Doug Bassett’s thoughts on business, disruption and other events of the past 2 years

In a letter to HNN’s editor-in-chief, the president of Vaughan-Bassett says the industry’s whipsaw from no business during a lockdown to boom times and then slow business this year may have led to some poor short-term decision making. Have we reached the bottom?

Thank you for your thoughtful column last week, which did a great job of asking and then answering our industry’s most interesting questions, which are:

Vaughan-Bassett’s Doug Bassett

1. What’s really going on now, and

2. What is most likely to happen right around the corner?

For what it’s worth, we believe the following:

A. We hope and think that most of us within the furniture industry understood that the last two years represented a “sugar high” that was bound to wear off at some point. My brother Wyatt describes it well – that most of us did three year’s worth of business in two years.

B. The whipsaw from no business in April of 2020 to booming business from June of 2020 to January of 2022 to unusually slow business since February of this year has created a trap that might have caused some businesses to make poor short-term decisions.

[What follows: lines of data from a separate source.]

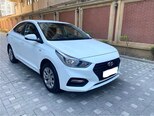 Hyundai Accent-11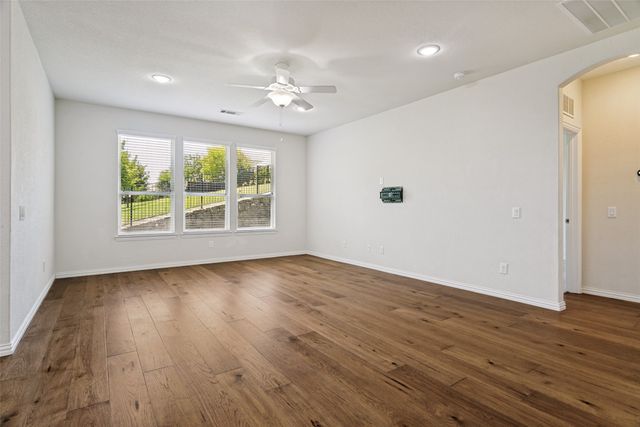 211 Copper Canyon Drive, Lewisville, TX 75067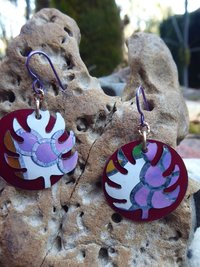 Trashy Tinsel dangle earrings with leaves in purple and maroon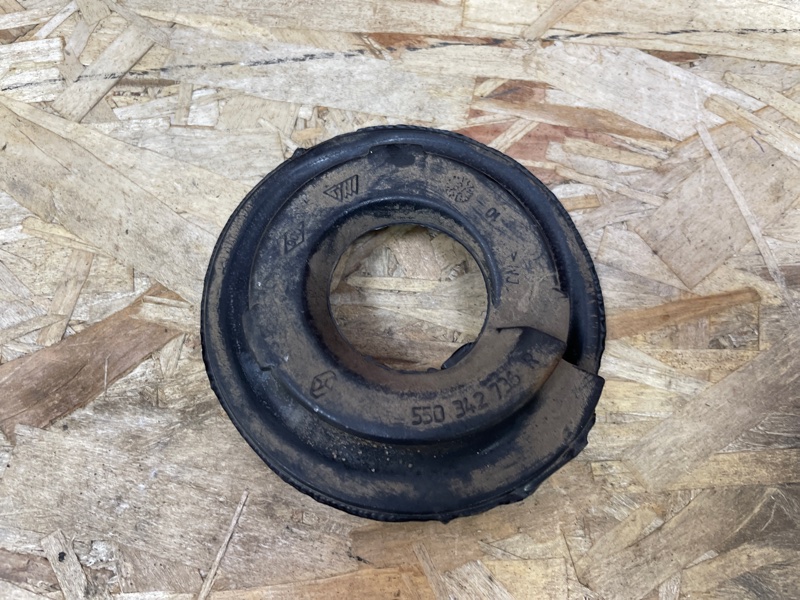 Верхняя опора    пружины - фото 2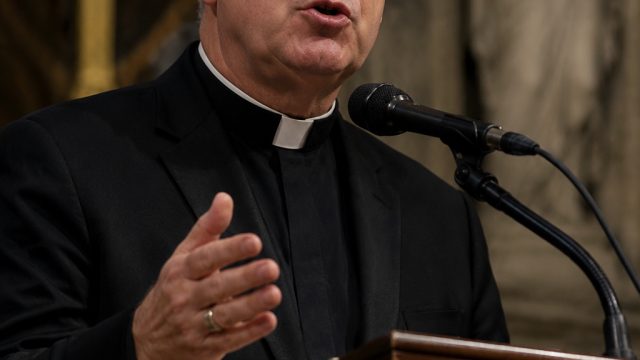 Chicago Priest's Strong Words on Gun Violence Ignite National Debate | mainan bola basket, kotak buk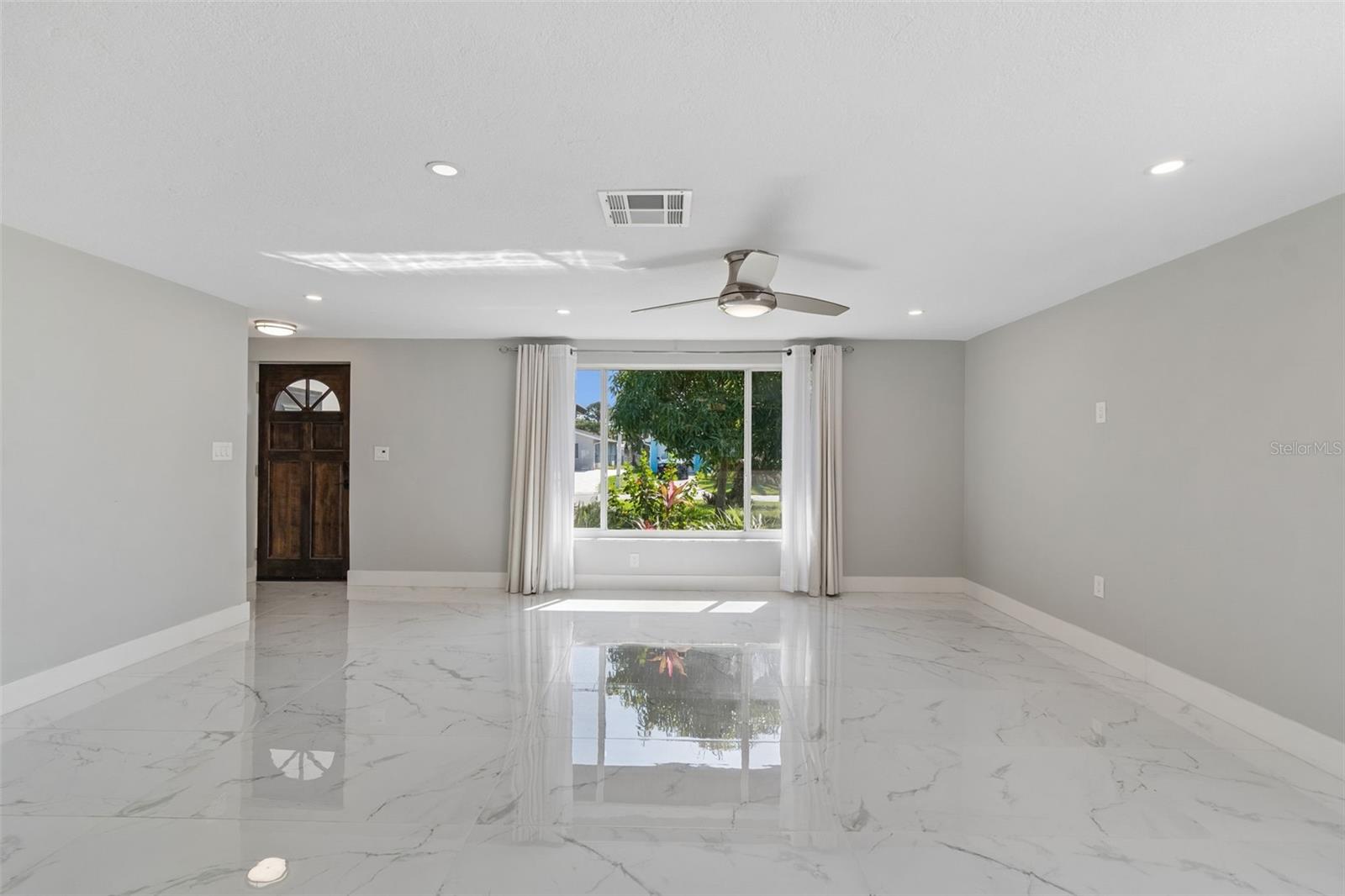 FLOR A MAR - Residential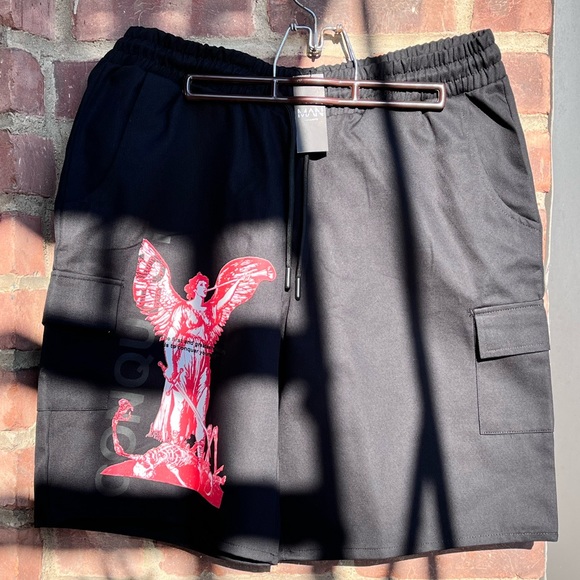 ⚫️🔴⚪️Boohoo Man Black Medium Men’s Cargo Shorts - Picture 1 of 3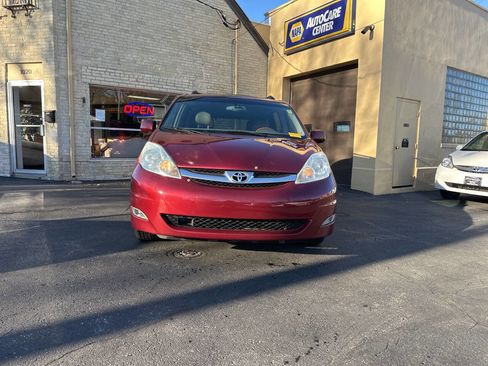 Used 2006 Toyota Sienna XLE Limited image 5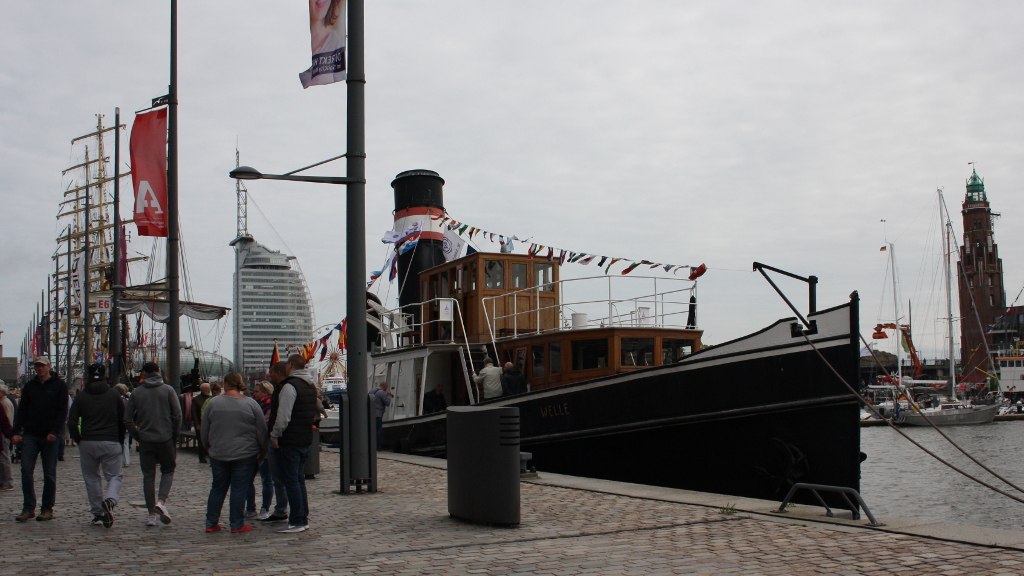 welle_am_festgelaende_neuer_hafen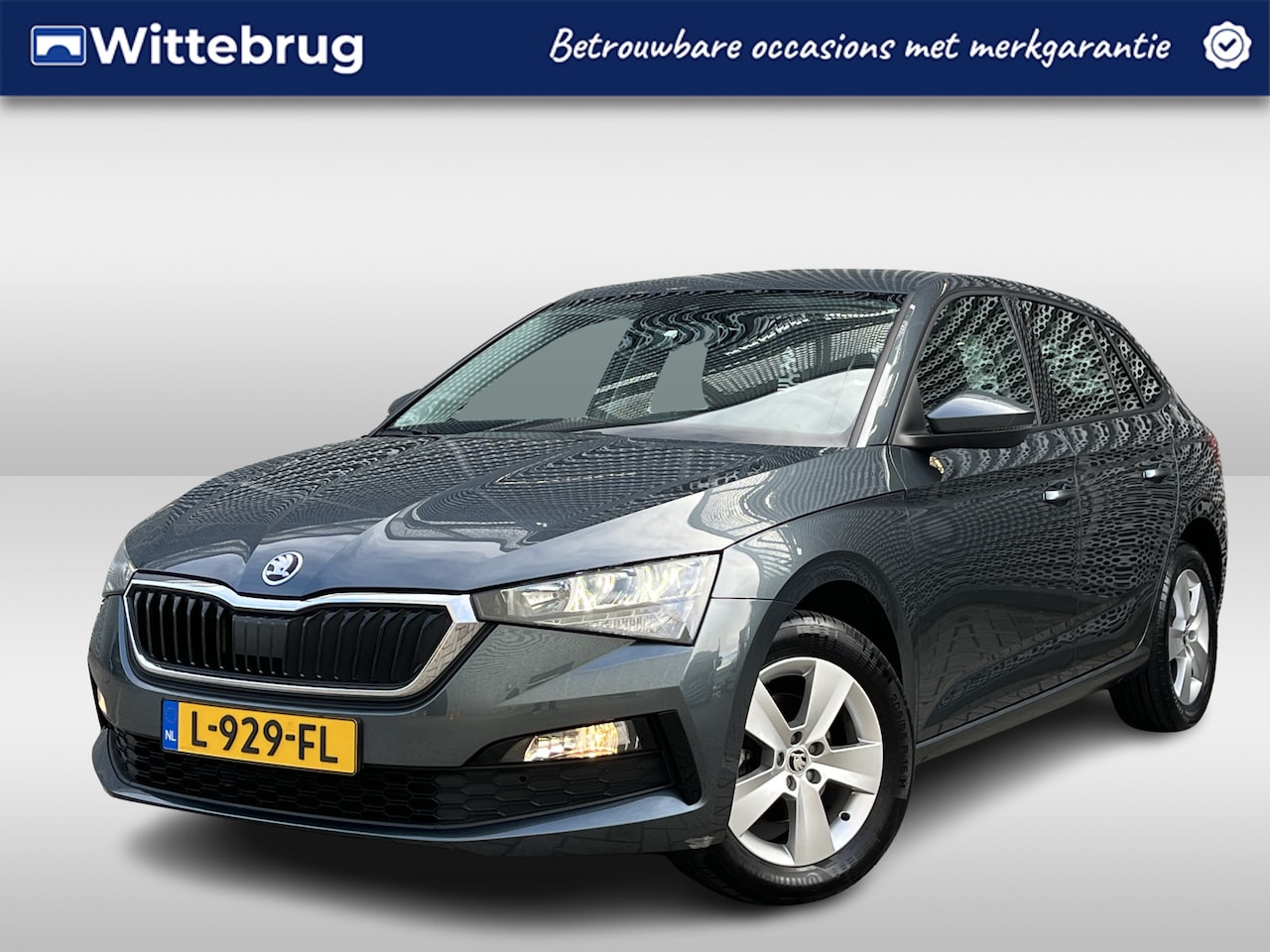 Skoda Scala - 1.0 TSI 110PK Ambition / Digitale Cockpit / LED / Parkeersensoren Achter / Wireless App-Co - AutoWereld.nl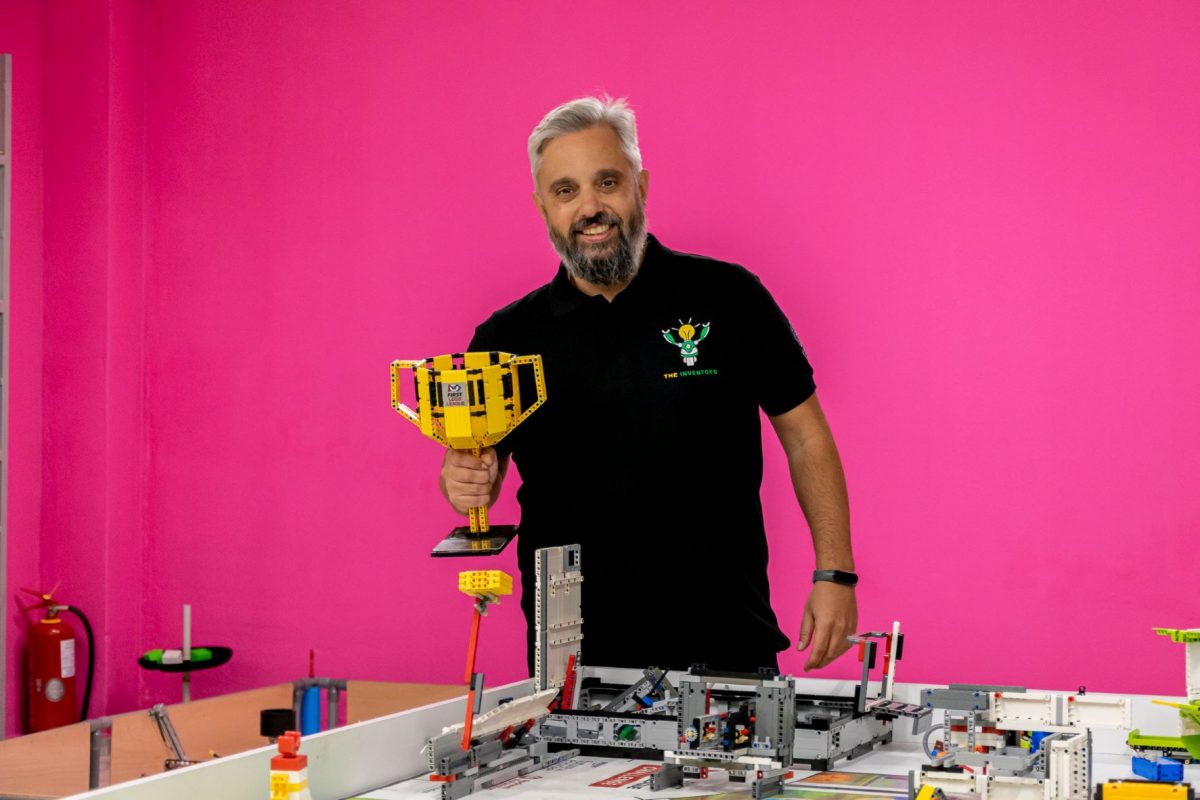 Τα πρόσωπα της επόμενης δεκαετίας: Αντώνης Σκέλλας, εκπαιδευτικός και εμπνευστής της Ακαδημίας Ρομποτικής The Inventors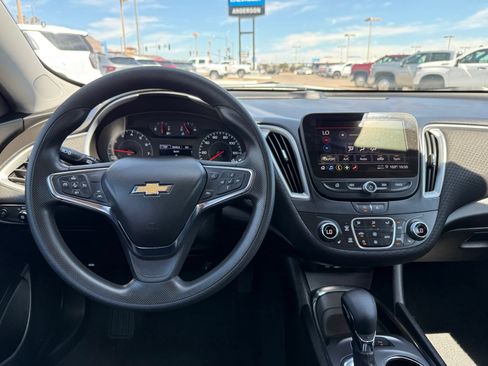 Used 2024 Chevrolet Malibu LT FWD image 14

C. For example, once business boomed in June of 2020, some folks cut off all their smaller accounts and gave all their volume to their largest dealers. We thought it was smarter to treat all accounts equally, and instead, we had a moratorium on opening new accounts and dramatically shortened our line-up. This helped us service all accounts more quickly while reducing incoming orders in the short term. The only thing harder than opening up a new account is re-opening a guy that you cut off.

D. The disruption caused by the broken supply chain to Asia cannot be overstated. It’s led to a boom for U.S., Mexican and Canadian-based manufacturers. Even with business softening, we hear lots of complaints about continuing supply chain issues and delays.

E. You guys have done a great job covering the pinch felt by dealers who did not squirrel away the deposits made by customers that ended up waiting 9-12 months for their goods.

F. Many container companies flooded our dealers with 3-5 months of orders all at one time in March and April, right at the beginning of the slowdown in business. We hear from most dealers that they will have corrected the overflowing warehouse problem by the 4th Quarter.

G. A good hunk of the inflation problem is done. Lumber prices and some other component prices have stopped going up and some prices have started going back down. This is offset by other costs that continue to rise, including health care, energy and labor costs.

H. We hope we are at the bottom and see slight signs that business improving in July and early August….

Keep up the good work. We love hearing from our peers trying to steer their companies through these very interesting times.